Prep Time: 30 mins · Proof Time: 2.5–3 hours · Bake Time: 18–24 mins · Serves: 12


Ingredients

For the Dough

  • 500g (4 cups, spooned and leveled) white bread flour, 12% protein or higher

  • 410–420ml warm water (use the higher amount for a fluffier crumb)

  • 15ml (1 tbsp) extra virgin olive oil

  • 6g (1½ tsp) instant yeast

  • 5g (1 tsp) honey, sugar or agave

  • 10g (2 tsp) fine sea salt

For the Pan & Topping

  • 3 tbsp extra virgin olive oil for the pan

  • Extra virgin olive oil for drizzling

  • Fresh rosemary

  • Kalamata olives

  • Flaky sea salt


Notes Before You Start

Use a metal pan — not glass. Metal conducts heat better and gives you that crispy, golden bottom that makes focaccia what it is.

Embrace the stickiness — this is a high hydration dough and it should feel sticky and wet. Do not add more flour. The stickiness is what creates those big beautiful air bubbles.

Look for the jiggle — before baking your dough should be very puffy and jiggle like jello when you shake the pan. If it's not there yet, give it more time.

Handle gently after proofing — all those air bubbles you've spent hours building are fragile. Treat the dough with care once it's proofed.


Instructions

Mix the Dough

  1. In a large bowl whisk together the warm water, olive oil, honey and yeast until combined.

  2. Add the flour and salt and mix until fully combined — the dough will be sticky and shaggy. That's exactly right.

  3. Cover and rest for 30 minutes. A longer rest builds better gluten structure and more bubbles.

Stretch & Fold

  1. Perform 2–3 rounds of stretch and folds to build structure. For each round: pull one side of the dough up and fold it over the top, rotate the bowl and repeat until you've completed about 8 folds total.

  2. Rest 15 minutes between each round.

First Proof

  1. Cover the bowl and let the dough rise at room temperature for 1–1.5 hours until slightly puffy.

Prepare the Pan

  1. Line a 9x13 inch metal baking tray with parchment paper.

  2. Pour 3 tbsp of olive oil into the pan — don't be tempted to use less. This is what creates the crispy bottom.

Transfer the Dough

  1. Gently transfer the dough to the oiled pan. Lightly fold once if needed but don't deflate it.

  2. Let it relax and spread naturally across the pan — don't force or stretch it.

Second Proof

  1. Cover and let proof for another 1–1.5 hours until the dough is very puffy and jiggles like jello when you shake the pan gently.

  2. This step is critical for big bubbles — don't rush it or skip it.

Preheat the Oven

  1. Preheat your oven to 220°C / 430°F.

  2. Place your oven rack on the lowest position.

Dimple & Top

  1. Drizzle olive oil generously over the top of the proofed dough.
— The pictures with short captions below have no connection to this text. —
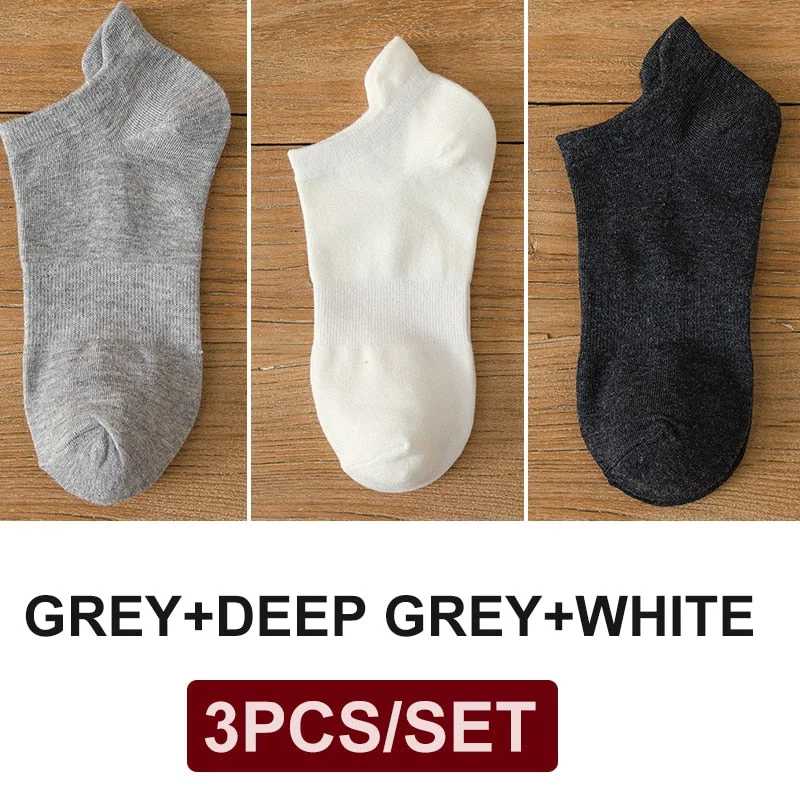 FINETOO 3 Pairs/Set Cotton Men's Socks Harajuku Boat Socks Lift Up Solid Colors Man Sock Sox  Male Invisible Short 38-44 Socks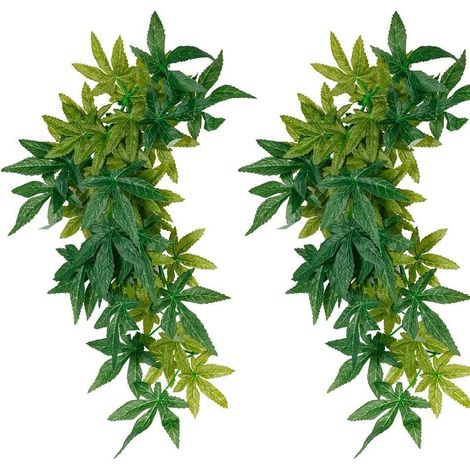 2 Pieces Reptile Plants Hanging Fake Vines Climbing Terrarium Plant with Suction Cup for Bearded Dragons Lizards Geckos Snake Pets Hermit Crab and Tank Habitat Decorations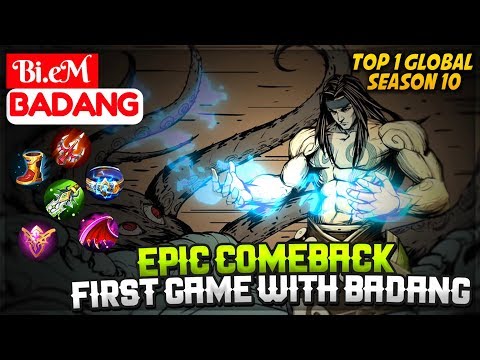 Epic Comeback, Bi.eM First Game with NEW HERO Badang [ Top 1 Global S10 ] Bi.eM Badang Video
  2. Using oiled fingers, gently dimple the dough by pressing straight down softly — you want indentations, not deflation. Work slowly and carefully.

  3. Press fresh rosemary sprigs and kalamata olives into the dimples.

  4. Finish with a generous pinch of flaky sea salt.

Bake

  1. Bake on the lowest rack for 15–18 minutes until deeply golden.

  2. Optional: move to the middle rack for the last 5 minutes for even browning on top.

  3. Total bake time is 18–24 minutes — you're looking for a rich golden colour all over.

Finish & Cool

  1. Immediately transfer to a cooling rack.

  2. Drizzle with a little more olive oil and a pinch of flaky salt.

Rest for 15 minutes before slicing — this lets the crumb set properly.


Notes

Flour matters: Use bread flour with at least 12% protein. All purpose flour will work in a pinch but won't give you the same chew and structure.

Water temperature: Warm but not hot — around 38°C / 100°F. Too hot will kill the yeast, too cold will slow it down significantly.

Make ahead: After the first proof, cover the dough tightly and refrigerate overnight. The next day take it out, let it come to room temperature for 30 minutes, then continue from the pan preparation step. A cold overnight proof actually develops even more flavour.

Storage: Focaccia is best eaten the day it's made. Store leftovers wrapped at room temperature for up to 2 days. Reheat in a hot oven for 5 minutes to revive the crust.